As well as the regular ferry services, Ben still runs the popular fishing trips and a programme of cruises. “This year we have launched a Mayflower Heritage trip for the 400th anniversary of the sailing of the Mayflower from Plymouth,” he says. “You leave the Barbican and sail across Plymouth Sound, past the Hoe and along the River Tamar. There’s Drake’s Island, the Citadel, Mount Edgcumbe, Penlee, Rame… I often think that it is still very much like it would have been when the Pilgrims left in 1620.
“Everyone enjoys being on the water, even on the little eight-minute Cremyll trip. You know you’re on the water crossing the Tamar, but you might not know that you’re on the oldest established ferry service in the UK. It’s at the heart and soul of what we do. Going from the Barbican to Cawsand, or the Royal William Yard, it can be an amazing trip. You can still spot wildlife – birds, dolphins, sunfish – and it’s not just about getting from A to B.”
Plymouth Boat Trips runs three ferry services and a varied programme of cruises from Plymouth’s Barbican.
When Ben started his Plymouth service, Stuart Line Cruises had already been going for three decades. Tony Stuart started from Exmouth sea front in 1968 with 15-minute trips around the bay in a small wooden boat. Half a century later Tony is no longer with us (he died in 2012) but it’s still a family run business says Lauren Clark, girlfriend of Tony’s grandson Jake.

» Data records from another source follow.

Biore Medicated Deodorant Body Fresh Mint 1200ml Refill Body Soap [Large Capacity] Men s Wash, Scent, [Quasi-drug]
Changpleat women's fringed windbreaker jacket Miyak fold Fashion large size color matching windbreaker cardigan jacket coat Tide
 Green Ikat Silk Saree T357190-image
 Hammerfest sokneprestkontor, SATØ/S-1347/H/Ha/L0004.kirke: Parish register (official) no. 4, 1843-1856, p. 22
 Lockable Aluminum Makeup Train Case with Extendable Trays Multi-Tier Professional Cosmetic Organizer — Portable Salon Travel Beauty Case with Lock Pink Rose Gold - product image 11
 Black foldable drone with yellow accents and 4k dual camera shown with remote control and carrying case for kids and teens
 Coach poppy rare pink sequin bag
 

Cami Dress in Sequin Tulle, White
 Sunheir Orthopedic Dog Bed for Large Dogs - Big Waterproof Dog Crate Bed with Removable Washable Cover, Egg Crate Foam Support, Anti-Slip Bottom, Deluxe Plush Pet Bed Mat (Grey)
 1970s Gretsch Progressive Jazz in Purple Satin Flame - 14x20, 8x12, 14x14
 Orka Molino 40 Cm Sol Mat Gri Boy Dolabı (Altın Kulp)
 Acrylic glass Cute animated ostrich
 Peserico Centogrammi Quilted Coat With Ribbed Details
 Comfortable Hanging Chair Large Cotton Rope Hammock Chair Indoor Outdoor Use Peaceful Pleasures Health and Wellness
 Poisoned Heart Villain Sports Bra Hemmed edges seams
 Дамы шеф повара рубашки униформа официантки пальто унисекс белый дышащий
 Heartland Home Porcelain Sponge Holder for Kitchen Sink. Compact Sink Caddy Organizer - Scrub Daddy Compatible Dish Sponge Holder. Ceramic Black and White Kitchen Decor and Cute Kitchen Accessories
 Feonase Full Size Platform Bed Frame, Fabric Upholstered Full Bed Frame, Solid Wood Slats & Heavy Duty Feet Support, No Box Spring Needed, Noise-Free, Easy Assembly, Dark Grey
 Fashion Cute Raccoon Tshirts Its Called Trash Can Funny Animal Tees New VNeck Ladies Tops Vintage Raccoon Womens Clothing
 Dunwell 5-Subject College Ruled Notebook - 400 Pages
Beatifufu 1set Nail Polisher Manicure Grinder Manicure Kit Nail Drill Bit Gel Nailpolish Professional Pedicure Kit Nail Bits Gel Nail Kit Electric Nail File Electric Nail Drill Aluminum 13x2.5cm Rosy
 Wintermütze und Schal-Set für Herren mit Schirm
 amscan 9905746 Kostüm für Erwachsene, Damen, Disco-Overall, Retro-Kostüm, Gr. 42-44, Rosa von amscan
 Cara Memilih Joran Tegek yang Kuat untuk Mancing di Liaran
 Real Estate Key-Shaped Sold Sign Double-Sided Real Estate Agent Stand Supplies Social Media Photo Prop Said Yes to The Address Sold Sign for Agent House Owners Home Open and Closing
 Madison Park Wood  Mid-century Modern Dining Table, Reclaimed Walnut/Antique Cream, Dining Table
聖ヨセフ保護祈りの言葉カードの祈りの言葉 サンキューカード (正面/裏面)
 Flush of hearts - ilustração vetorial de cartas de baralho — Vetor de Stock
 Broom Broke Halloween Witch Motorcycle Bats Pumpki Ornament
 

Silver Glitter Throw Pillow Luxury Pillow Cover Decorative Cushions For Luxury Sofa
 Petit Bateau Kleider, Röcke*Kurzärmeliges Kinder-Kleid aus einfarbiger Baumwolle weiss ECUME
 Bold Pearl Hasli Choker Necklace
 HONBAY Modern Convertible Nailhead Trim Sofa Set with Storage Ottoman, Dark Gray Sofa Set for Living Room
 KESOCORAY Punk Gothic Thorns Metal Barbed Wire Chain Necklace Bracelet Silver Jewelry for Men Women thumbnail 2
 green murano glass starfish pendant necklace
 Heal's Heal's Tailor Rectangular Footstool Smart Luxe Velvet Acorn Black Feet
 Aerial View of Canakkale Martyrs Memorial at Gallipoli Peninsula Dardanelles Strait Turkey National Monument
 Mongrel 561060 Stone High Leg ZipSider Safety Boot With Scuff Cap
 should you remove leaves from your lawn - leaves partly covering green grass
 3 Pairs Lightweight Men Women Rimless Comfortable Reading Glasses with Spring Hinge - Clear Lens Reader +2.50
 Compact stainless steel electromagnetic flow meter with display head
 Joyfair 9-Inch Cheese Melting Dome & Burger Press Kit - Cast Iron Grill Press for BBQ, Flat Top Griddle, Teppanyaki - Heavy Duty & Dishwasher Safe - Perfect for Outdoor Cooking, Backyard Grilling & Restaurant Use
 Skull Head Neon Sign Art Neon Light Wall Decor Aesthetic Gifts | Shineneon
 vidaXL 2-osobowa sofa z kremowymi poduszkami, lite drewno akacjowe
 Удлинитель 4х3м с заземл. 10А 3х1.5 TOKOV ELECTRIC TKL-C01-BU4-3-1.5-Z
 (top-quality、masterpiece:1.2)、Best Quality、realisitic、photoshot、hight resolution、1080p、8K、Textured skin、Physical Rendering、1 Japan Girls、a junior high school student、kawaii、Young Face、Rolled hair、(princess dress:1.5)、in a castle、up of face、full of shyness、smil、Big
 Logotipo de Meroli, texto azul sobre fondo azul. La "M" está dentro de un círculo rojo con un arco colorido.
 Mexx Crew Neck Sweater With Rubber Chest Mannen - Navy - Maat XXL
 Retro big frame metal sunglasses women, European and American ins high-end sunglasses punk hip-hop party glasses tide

“People are now more interested in sight’do’ rather than sight’see’,” explains Lauren. “People want to have an experience and our cruises have proved really popular, like our new Fish and Fizz trips where we have teamed up with Krispies fish and chips for an evening cruise. Or a three-hour summer cruise from Sidmouth along the Jurassic coast where you can really see the geology and history of the area as well as spotting wildlife.
“In addition to our coast and River Exe cruises, we go along Exeter Ship Canal which takes you right into the city centre. It’s like travelling back in time. It’s very relaxing, and there are no waves if anyone is a poor sailor!
“Connecting with the water can be really important, particularly when you are talking about mental health,” says Lauren. “It can have a positive effect on people and offers the chance for people to spend time together. It can offer a sense of adventure and really give you something a bit different.”
Stuart Line Cruises in Exmouth sail all year round. In summer trips include along the River Exe, Jurassic Coast, day trips to Devon towns, along Exeter Canal and summer cruises. Winter trips include the chance to see Santa or have your Christmas party on board.
Find out why a Devon boatbuilder devoted 12 years to building the yacht of his dreams Helena.
Rob Hughes spent his career running boat operations around the world, but realised there was a gap in the market in Teignmouth, home to his wife’s family. And so, in April 2018, he set up Devon Sea Safaris in the town offering trips on the water in a ten-metre Hunter RIB. He says there are all sorts of delights on, in and around the water.
“You can discover all sorts of wildlife in and around the rocks and little islands – there are lots of seabirds like gannets, guillemots and even the odd puffin alongside the winter migrants and we’ve seen dolphins, porpoises, seals and even a thresher shark full breaching the water.
“What I’m trying to achieve is to help people to become more aware of what wildlife is out there. It’s amazing what you can see if you keep your eyes peeled and it’s something you will remember for the rest of your lives,” says Rob.
“We tell people about ecology and the environment on these trips. The South Devon coastline used to be a desert and that’s why there is all the red sandstone. The history of the area is really interesting too and I’m learning things all the time – like the existence of a German wartime fighter plane lying beneath the waves just off Maidencombe.
“These trips are not just for children. Adults love it too and we’ve had passengers aged from three to 98.”
Devon Sea Safari operates out of Teignmouth in a ten-metre RIB to explore the South Devon coast.
Western Lady has been been running a ferry service between Brixham and Torquay for 70 years. The 30-minute trip crosses Torbay with panoramic views.
The Greenway and Dittisham Ferry runs a regular shuttle service between the town of Dartmouth along the river to Dittisham and Greenway, the holiday home of Agatha Christie. You can also enjoy hour-long river cruises.
Explore the North Devon Coast and get closer to the abundant wildlife with Ilfracombe Sea Safaris trips which operate March to October.